Michaël Foessel

L’homme sans monde, c’est l’homme séparé de ce qu’il peut. Je pense bien sûr à la précarité sociale où l’individu n’a plus les moyens de s’inscrire dans un futur positif. Il est dépossédé par le système économique, il ne croit plus dans ce monde-ci. Aujourd’hui, perdre le monde, c’est aussi n’avoir aucune sensation que le monde existe avant et après nos vies : évoluer dans le présent, l’immédiateté. A la manière des traders, ce qui montre que le phénomène n’est pas seulement lié à la pauvreté. Le présentisme est très proche de la catastrophe : cette adhérence à soi et à son présent produit souvent des effets de malheur et de désolation…On nous parle sans arrêt de la catastrophe et des mesures à long terme pour préserver la planète, mais c’est contradictoire avec le court terme des politiques. Il faudrait repenser le progrès de façon moins naïve. La modernité est née de certitudes qui se sont effondrées, comme celle du cosmos antique et religieux. Sur la base de cette expérience, est envisagée au XVIIe siècle une autre façon d’envisager le monde. L’idée de progrès est née à la manière d’une nouvelle promesse. Nous ne pouvons plus revenir à cette espérance-là après la Shoah ou Hiroshima. Il est préférable de développer ce que j’appelle une politique du peut-être, et donc abandonner celle du nécessaire.
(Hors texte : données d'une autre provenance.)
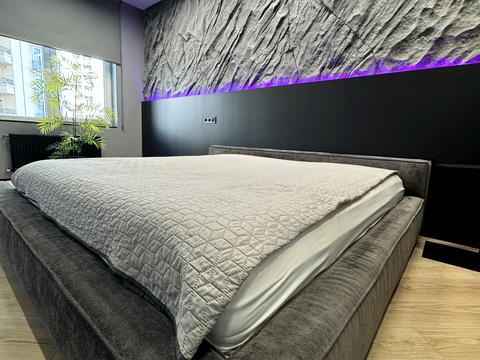 квартира за адресою Генуезька вул., 1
Le peut-être implique des expériences de vie en commun, de coopératives, de mouvements de contestation aussi, comme les Indignés…Autant de tentatives de reconstituer des univers de sens à l’intérieur d’entités sociales pauvres en monde. Pour l’instant, ces initiatives existent au niveau local. Il n’est pas vain d’espérer qu’elles se développent un jour à l’échelle des peuples qui auront réussi à concilier l’optimisme économique et social avec des exigences de liberté.